Others spoke directly to their own experiences of work and ministry in the midst of conflict. Everyone knew families who had lost loved ones or who had themselves been detained and one participant spoke movingly of how two of childhood friends were killed, one in the army, one in fighting for Tamil Tigers (LTTE). We heard reports of Tamil graveyards bulldozed by the military, of lucrative property and businesses being taken over by the army and navy. Some refer to the military presence in the north as an occupation. The local Tamil population has been displaced, rehoused in dwellings with no sewage disposal, forced off their land or had their businesses taken over. Independent state institutions that provided checks and balances have been removed; the press, judiciary and minority faith groups have been attacked. The UN High Commissioner for Refugees, Ms Navi PIllai, recently expressed concern that Sri Lanka was increasingly heading towards authoritarianism with a dangerous erosion of democracy and rule of law.

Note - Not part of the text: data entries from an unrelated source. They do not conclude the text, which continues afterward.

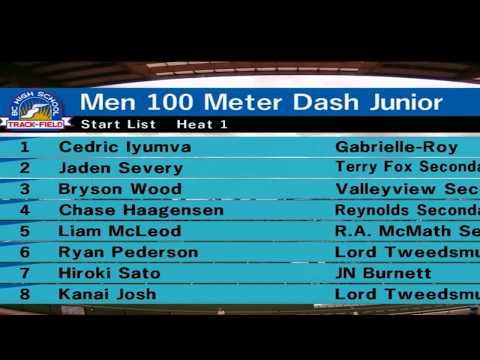 BC High School Track & Field Championships Jr Boys 100m Final 2017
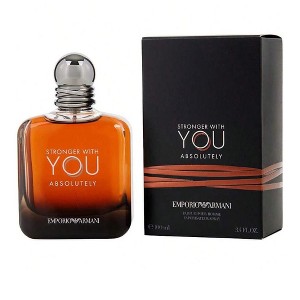 Emporio Armani Stronger With You Absolutely By Giorgio Armani Elemi, Chestnut Men Eau De Parfum Spray 3.4 Oz 2021  3.4 Oz Fragrance - 1 of 1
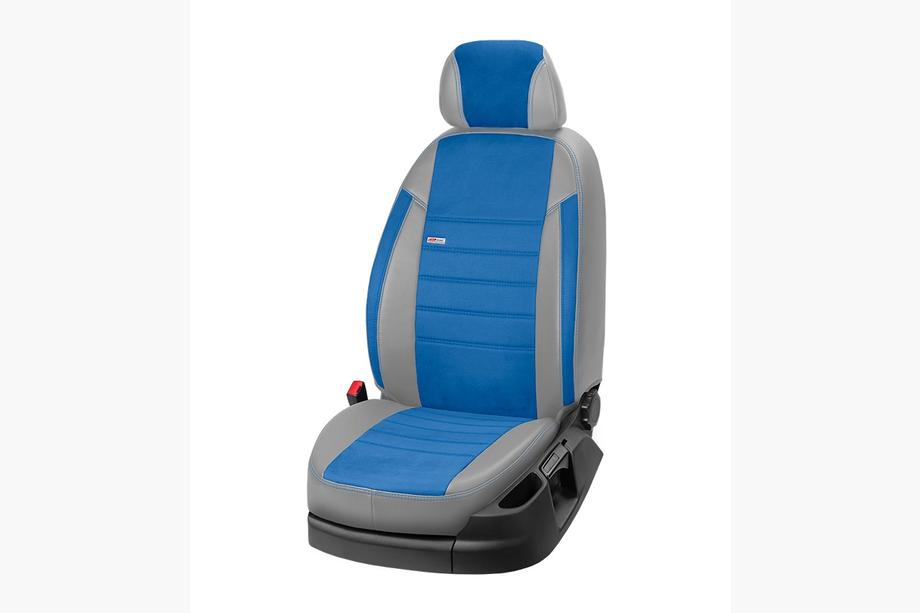 Renault Trafic 2015- Housses de Sièges Auto Similicuir+Tissu+Alcantara Eco Laser Antara 2020 (Sièges Avant) Photo 7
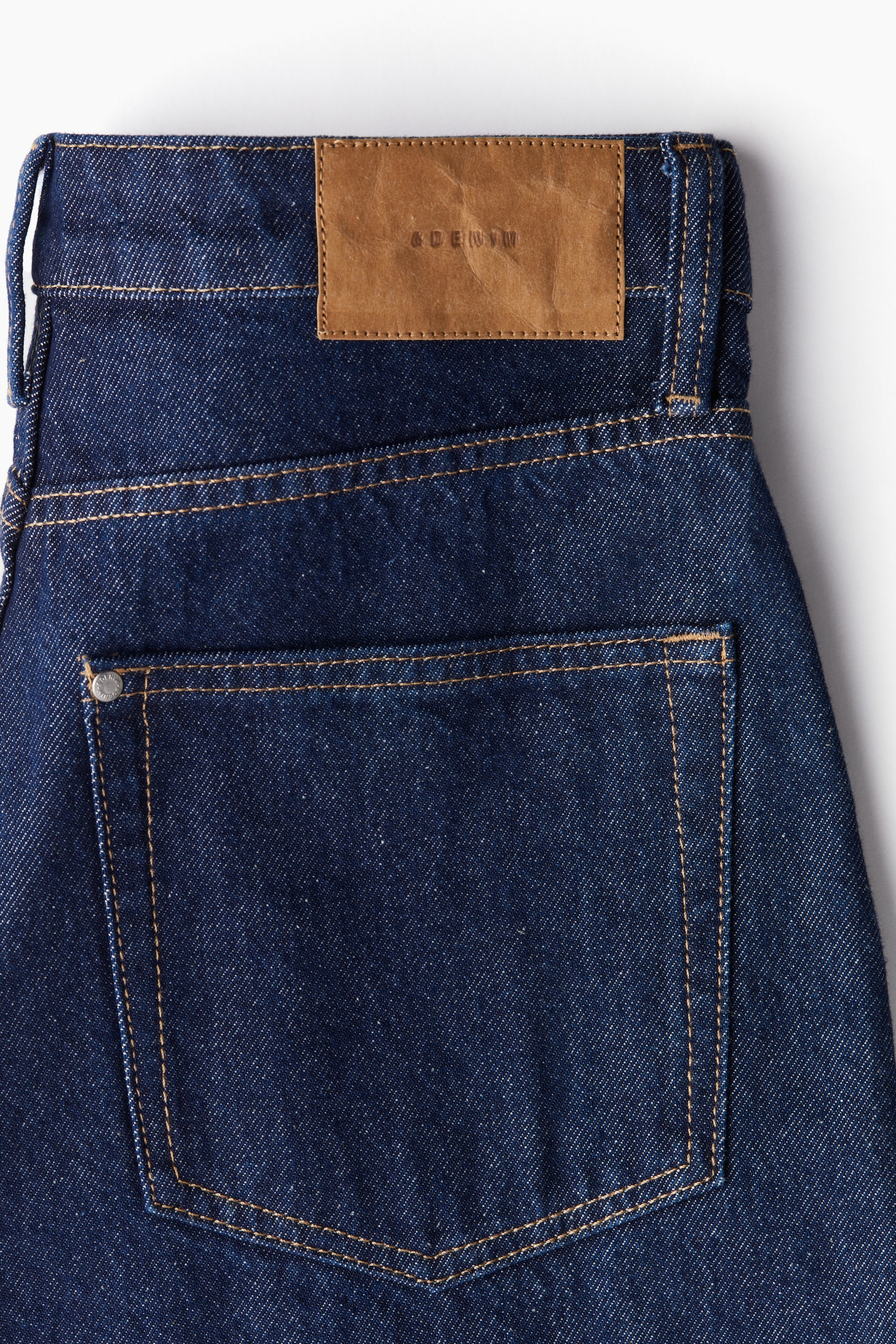 Barrel High Jeans - Dark denim blue - Ladies | H&M GB 10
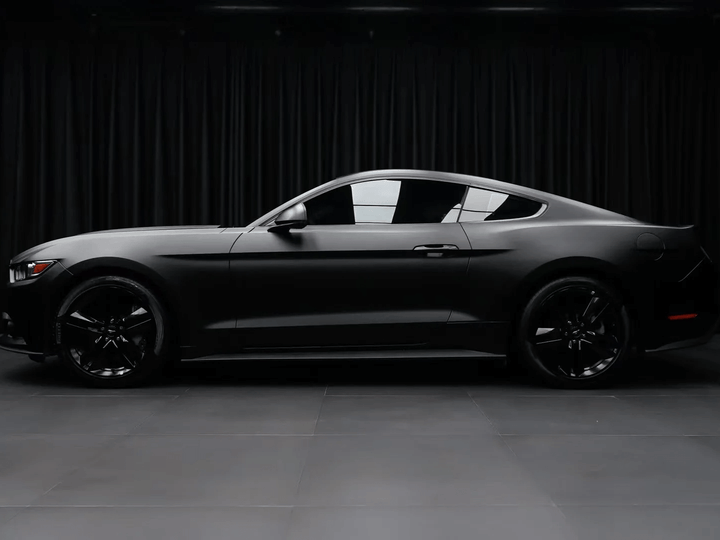 mustang Super Matte Black Vinyl Wrap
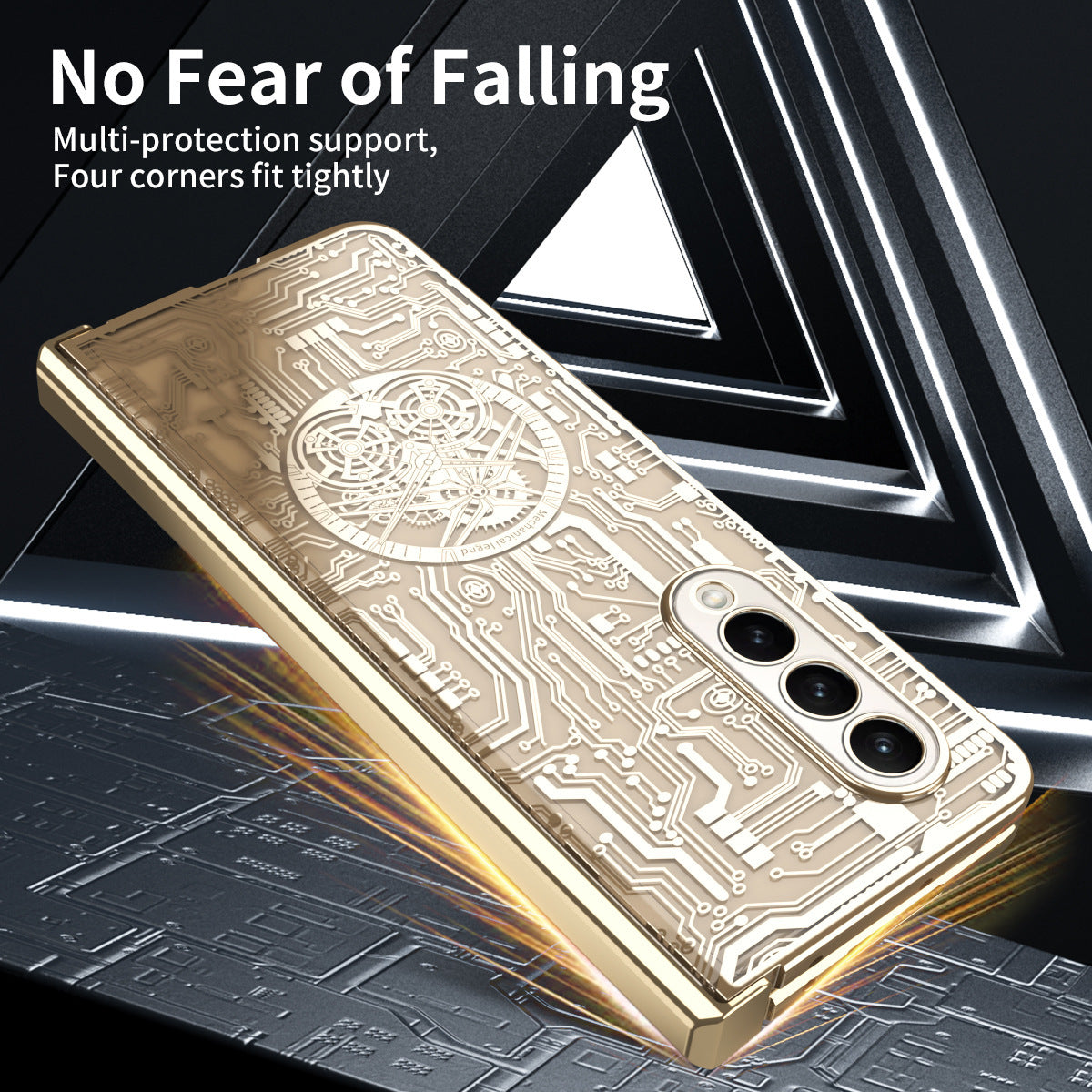 Galaxy Z Fold4 Mechanical Integrated Electroplating Case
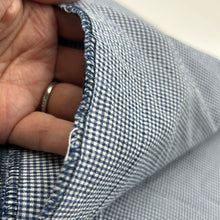 Load image into Gallery viewer, Blouse Weight, Stretch Cotton Shirting, Blue Gingham (WDW2021)
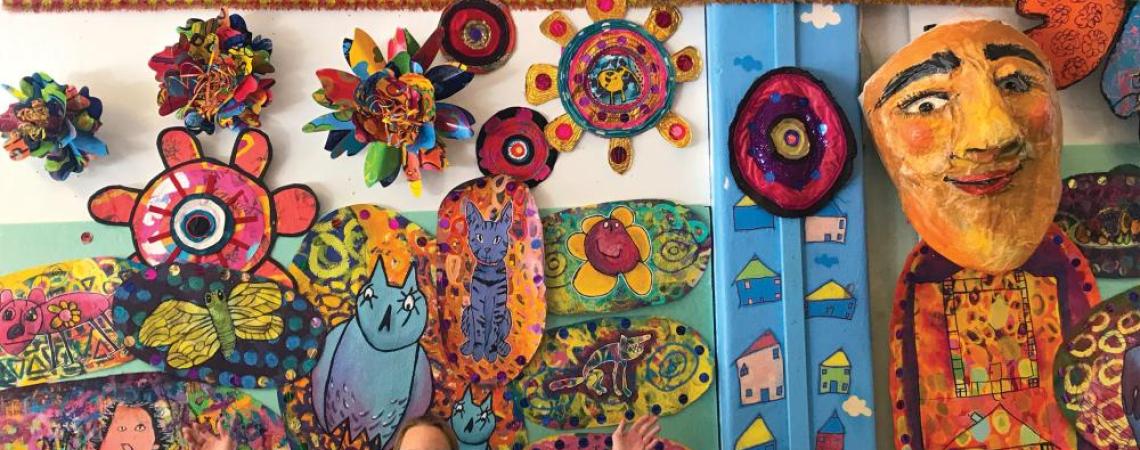 The inside of Athens-based Passion Works Studio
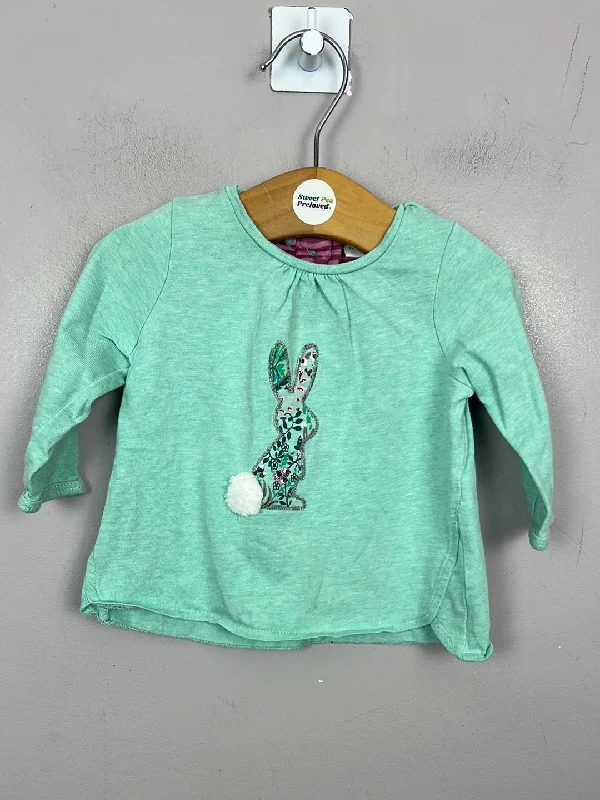 Next mint bunny t-shirt 0-3m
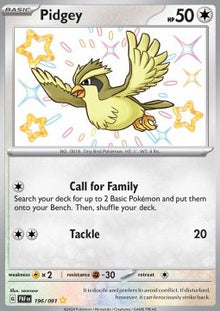 Pidgey - Paldean Fates (Shiny Rare) [PAF-196]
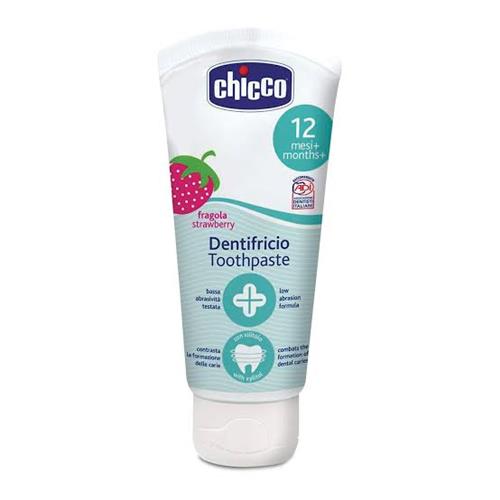 CHICCO TOTHPASTE FRAGOLA STRAWBERRY 50ml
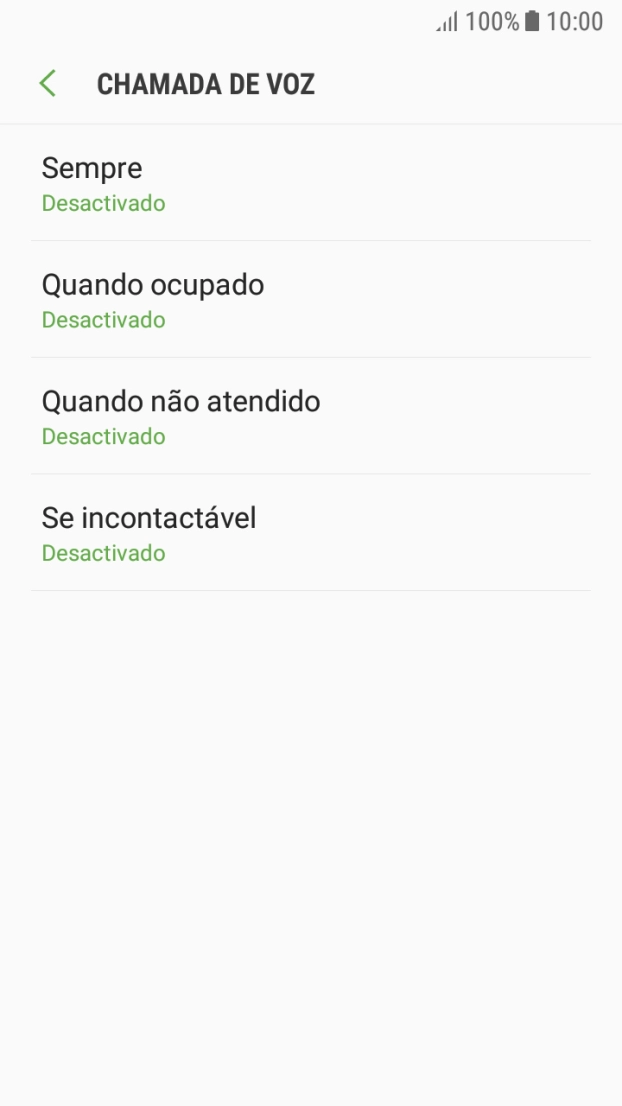 Prima a tecla de início para terminar e voltar ao ecrã inicial.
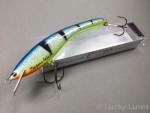 Turus Ukko Original Wobbler schwimmend, Länge: 16 cm, Farbe: Blue Perch 022 (wird noch produziert, Auslieferung voraussichtlich Mitte August 2026)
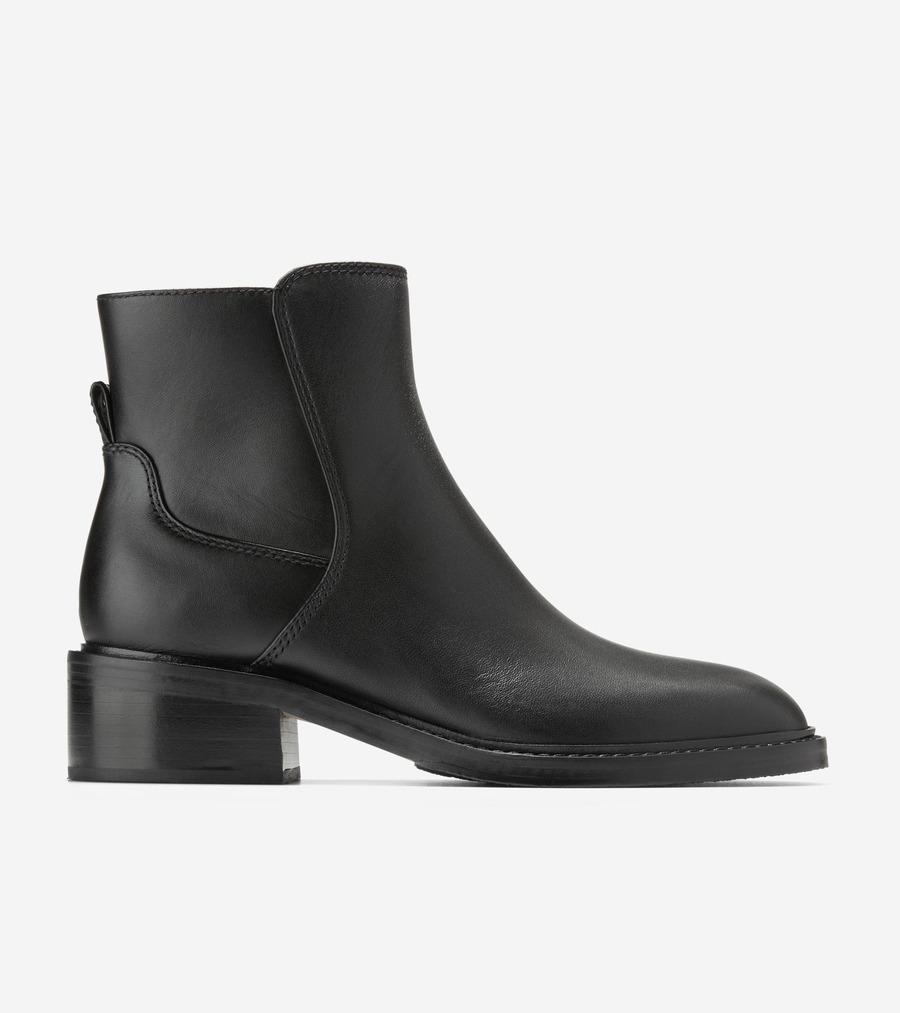 コールハーン Colehaan アウトレット ウィメンズ アウトレット シューズ ブーツ & ブーティー ランドリー ウォータープルーフ ブーティー womens. W36253 ブラック ウォータープルーフ レザー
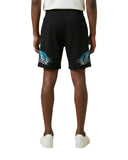 Pantaloni scurti MARCELO BURLON, wings print bermuda, Negru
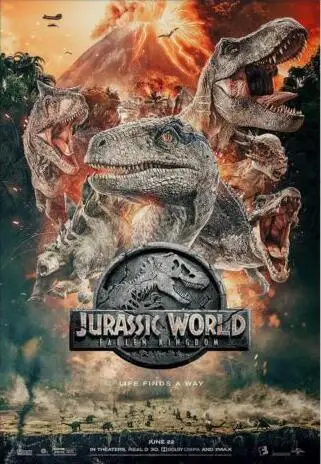 

Jurassic World: Fallen Kingdom 2018 Special Edition SILK POSTER Wall painting 24x36inch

The Sinhala/Tamil ethnic divide is a major issue for Sri Lanka and for the church. It underlies the language issue which quickly escalated to civil war, ties to communities’ ethnic and religious identity and is complex and nuanced. All the Tamil speakers identified themselves as such and there was a reluctance for either side to really acknowledge the suffering of the other.
I felt that for the Sri Lankan church to be an agent of healing, reconciliation and positive change it first had to face up to the need for forgiveness and reconciliation itself. This will be a major task given that this society is still grieving and recovering after three decades of a brutal civil war in which 80,000-100,000 people died and ended as recently as 2009.